But while I'm at it, I might as well just expose the flaws in your own criticism.



Foxi4 said:


> Poor trolling? Puns?
> 
> Have you considered the distinct possibility that some people may just have a _different opinion than you guys do?_ I don't find the game to be_ The best JRPG ever made, a Messiah in Video Game format and the glorious redeemer of the JRPG genre _- pretty far from it. I could enumerate numerous _better_ JRPG's even if you woke me up in the middle of the night - the game is dull, boring and incredibly slow. The characters have as much dimension as cardboard cut-outs and they're transparent - exactly what you'd expect them to be, at least from my "brief" gameplay experience which resulted in violently rejecting the game.
> 
> ...


 
How can you criticize the characters when you've only played a couple hours? Character development takes place over the course of the story. Until you've completed the game, don't tell me that the characters are_* "dull"*_.

What you guys fail to realize is that different people have different opinions. The vast majority of people adore Xenoblade and it's received critical acclaim. Your opinion is in the minority.

There's nothing wrong with that. I take issue with the reasoning behind your criticism. You criticize the characters of a JRPG when you've only played the first couple of hours. Guild criticizes the entire game when he only played 1% of it. Come on.


----------



## emigre (Dec 16, 2012)

Yeah, Xenoblade is overrated.


----------



## nasune (Dec 16, 2012)

soulx said:


> There's nothing wrong with that. I take issue with the reasoning behind your criticism. You criticize the characters of a JRPG when you've only played the first couple of hours. Guild criticizes the entire game when he only played 1% of it. Come on.


 
So you'd be fine with it if I said that i hated Shulk for being an annoying whiny little goody two shoes? Or that I did not like the story?
Cause the idea I get is that if someone says something you guys don't like about the game you'll jump all over them.


----------



## Foxi4 (Dec 16, 2012)

soulx said:


> There's nothing wrong with that.
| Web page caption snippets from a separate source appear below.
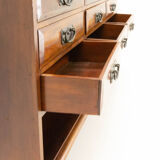 Shelf, exotic drawer library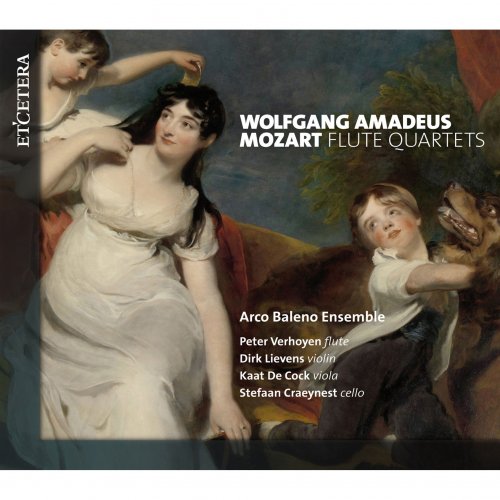 Arco Baleno Ensemble - Mozart: Flute Quartets (2015)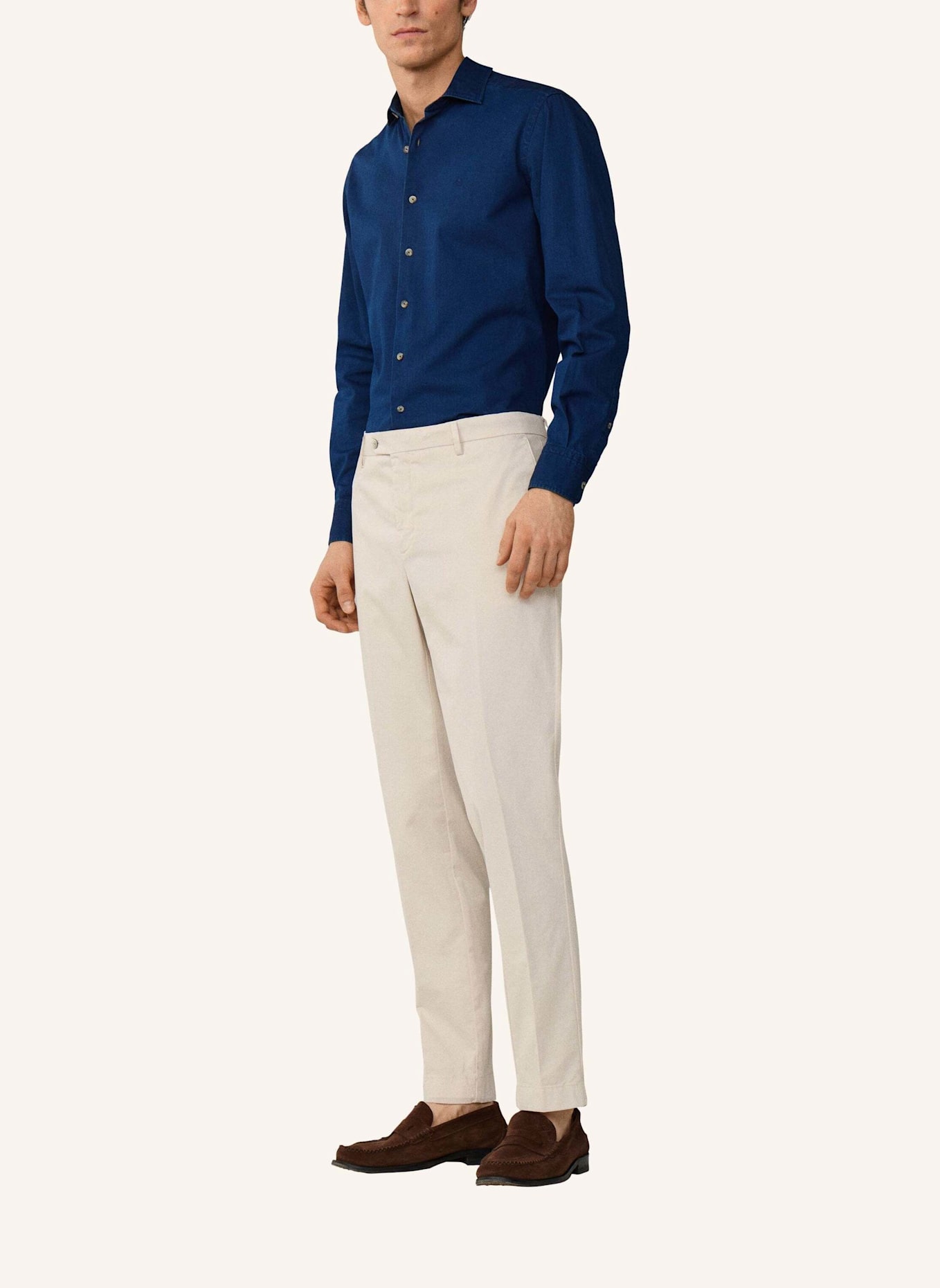 HACKETT LONDON Chino CHINO KENSINGTON: BEIGE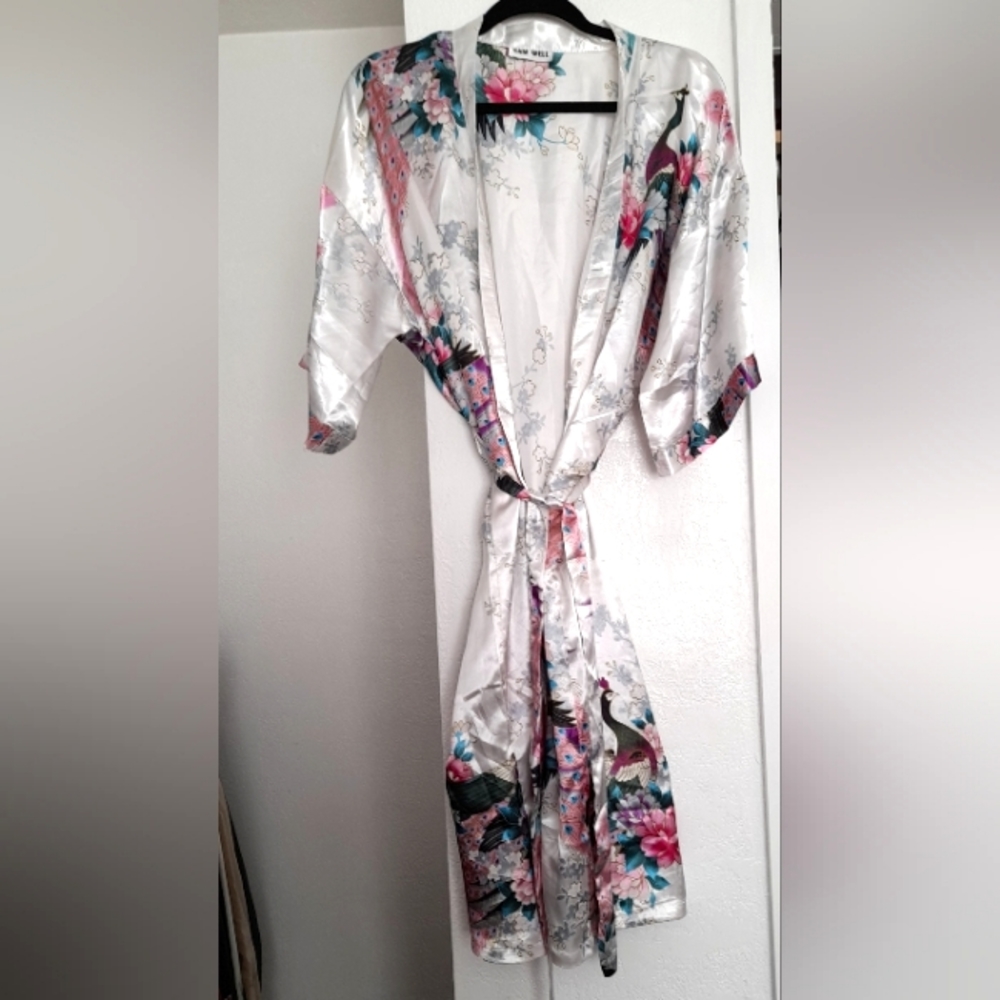 Silk Robe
I take issue with the reasoning behind your criticism. You criticize the characters of a JRPG when you've only played the first couple of hours. Guild criticizes the entire game when he only played 1% of it. Come on.


I played about 6 hours (perhaps more) through the course of 2 days and the characters were really transparent. The issues I mentioned were very apparent, almost poking the player in the eye. I feel that my opinion is justified and there's nothing wrong in liking Xenoblade, it's just that there are other, better JRPG's which draw you into them within the very first moments, which is what games should do. The word "game" implies that you're going to have "fun" - first impressions are key when it comes to the perception of the rest of the product, and if within 6 hours the game failed to offer anything massively interesting apart from the generally appealing game world, I can safely turn the console off.


----------



## Eerpow (Dec 16, 2012)

soulx said:


> You don't own the 3DS nor have you even played the game so how about no? If you're going to troll, at least do it right.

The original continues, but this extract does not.